Je poursuis ici un échange entamé
là-bas.
Montou a écrit :
j'ai parcouru ces livres plus un article sur la cavalerie pendant les guerres puniques dans la revue citée. Il n'y a pas la moindre référence à une position arrière des Numides. Ils montaient à cru, et plus étonnant, sans bride et mors, avec une simple lanière en cuir autour du cou du cheval. Le contôle se faisait par les jambes et à la voix. Le seul "indice" est une remarque dans l'article, les auteurs antiques trouvaient leur position disgracieuse. Mais cela peut venir du petit gabarit des chevaux, l'image de la colonne trajane montre bien ces jambes qui pendent, peu esthétiques. Dans l'article il y a d'autres illustrations qui les montrent assis "normalement", d'ailleurs, en regardant bien, sur l'image de la colonne, il n'est pas aussi en arrière que cela (comparé aux cavaliers akkadiens et égyptiens). Quant au combat, armés de javelots et avec seulement un bouclier léger comme protection, ils ne pouvaient servir comme arme de choc mais étaient utilisés pour la reconnaissance et surtout le harcèlement: attaque à distance, jet de javelots et demi-tour sans arriver au contact. J'ai trouvé seulement 2 ex de combat au contact,: le 1er au début de la 2e guerre punique, au cours d'une rencontre fortuite, ils ont laissé la cavalerie romaine arriver au contact et ont été défaits avec de lourdes pertes. La 2e, en 203, la cavalerie de Massinissa, allié des Romains, a chargé et mis en déroute la cavalerie lourde carthaginoise, qui était déjà démoralisée par des revers précédents. C'étaient donc d'excellents cavaliers légers, harcelant, dispersant et poursuivant la cavalerie adverse, comme un nuage de mouches, mais refusant le combat de près qui leur aurait été fatal!

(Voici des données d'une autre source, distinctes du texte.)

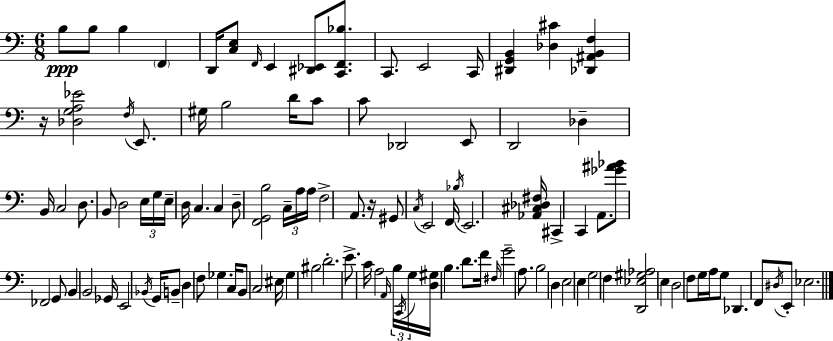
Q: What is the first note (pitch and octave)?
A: B3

Je rejoins tes remarques, avec cependant deux précisions.
Montou a écrit :
Ils montaient à cru, et plus étonnant, sans bride et mors, avec une simple lanière en cuir autour du cou du cheval. Le contôle se faisait par les jambes et à la voix.

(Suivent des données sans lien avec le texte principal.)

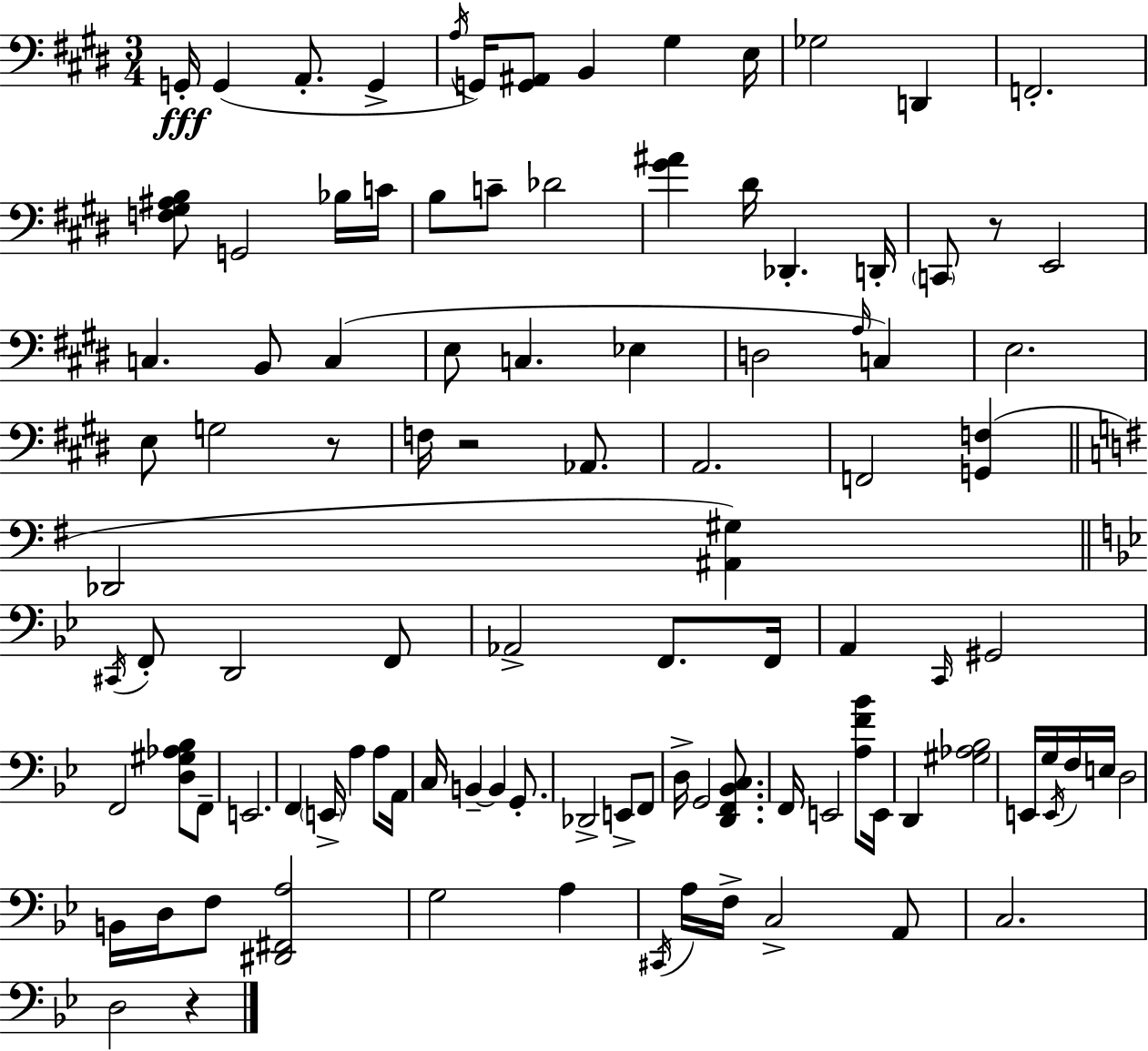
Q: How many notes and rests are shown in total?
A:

Ainsi que, encore plus exotique et donc souvent rappelé par les antiques, avec une baguette souple avec laquelle ils tapotaient le crâne du cheval pour lui indiquer la direction. Par exemple Silius Italicus, I, 215-218 «
là galopent librement les cavaliers numides, sur leurs chevaux sans rênes qu’ils font obéir avec une baguette souple, aussi efficace qu’un mors, et dont ils jouent entre les oreilles de leurs montures » ou Lucain,
Pharsale, IV.682 : «
La tribu des Massyles qui montent sur le dos nu du cheval, dirigent avec une légère baguette sa bouche qui ignore le frein. », mais j’aurai pu citer Gratius Faliscus, à la fin des
Cynégétiques ; Claudien,
Eloge de Stilichon, 1.260sq. ; Martial,
Epigrammes, IX.23 ; Strabon, XVII.3.7, etc. C’est cette baguette qui me semble-t-il est représentée dans la main du cavalier de la mosaïque du IIIe.
Pour les deux combats que tu signales, avec corps à corps, je ne crois pas qu’ils fassent exception à leur tactique habituelle.

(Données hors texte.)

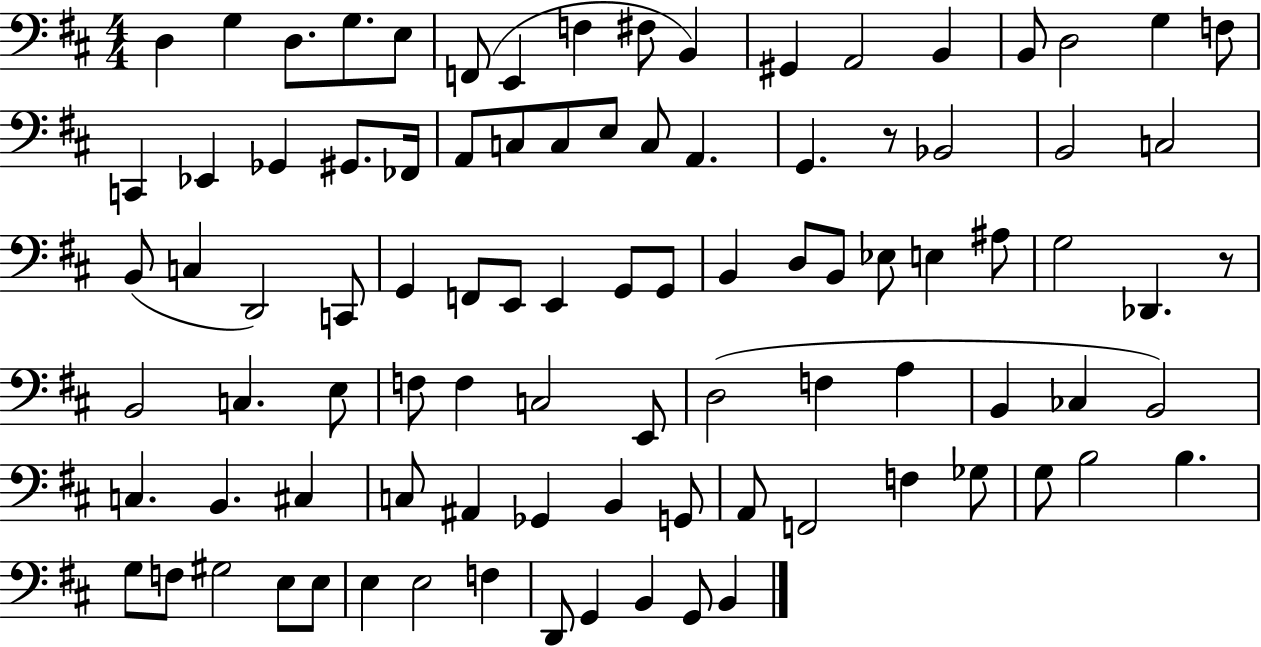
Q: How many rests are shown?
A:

Pour le premier, cf. Polybe III.41-45 :
41. . . . (Publius Scipion) envoya en reconnaissance trois cents cavaliers choisis parmi les meilleurs, en leur adjoignant pour les guider et les appuyer, des mercenaires gaulois qui se trouvaient alors au service de Massalia. . . . . 44. . . . Le lendemain, apprenant que la flotte romaine se trouvait mouillée devant les bouches du Rhône, il envoya en reconnaissance cinq cents cavaliers numides afin de savoir où se trouvait l’armée ennemie, à quels effectifs elle se montait et ce qu’elle faisait. . . . 45. Lorsque l’assemblée se fut dispersée, on vit revenir les Numides envoyés en reconnaissance. La troupe avait perdu beaucoup de monde, et les rescapés avaient fui en désordre. A peu de distance du camp carthaginois, ils étaient tombés sur un parti de cavaliers romains, que Scipion avait chargé d’une mission analogue à la leur. Au cours de l’engagement qui s’ensuivit, les uns et les autres déployèrent un tel acharnement, que cent quarante cavaliers romains et gaulois furent tués, tandis que les Numides perdaient plus de deux cents des leurs. A la suite de ce combat, les Romains poursuivirent l’adversaire jusqu’à proximité du camp carthaginois, qu’ils observèrent avant de tourner bride pour se hâter d’informer leur général de la présence des ennemis.Les manuscrits présentent quelques variations sur les effectifs et les pertes numides. Tite-Live (XXI.26 et 29) reprend le sujet en en rajoutant une couche sur l’acharnement du combat. Dans les faits, on ne sait pas dans quelle condition s’est déroulé le combat. Les deux armées sont d'effectifs à peu près similaires, peut-être même une supériorité romaine (avec leur mauvaise foi habituelle, il ignorent les effectifs massaliotes et gaulois, qui doivent être nombreux puisque selon TL, ils subissent la moitié des pertes à eux seuls). Les pertes romaines, lourdes, n’ont surement pas été faites au corps à corps, mais il faut sans doute imaginer que la tactique numide de refus du combat a été appliquée un certain temps, infligeant de lourdes pertes aux Romains, mais après un certain temps, les Romains et sans doute surtout leurs auxiliaires massaliotes et gaulois qui connaissent le terrain, ont du parvenir à les acculer (il faut beaucoup de place et un terrain dégagé pour ce genre de harcèlement). Une fois arrivé au contact, la situation se renverse, et les Numides se font massacrer. Bref, il n’y a pas eu de volonté numide de s’engager de front, pas d'exception visibles du moins.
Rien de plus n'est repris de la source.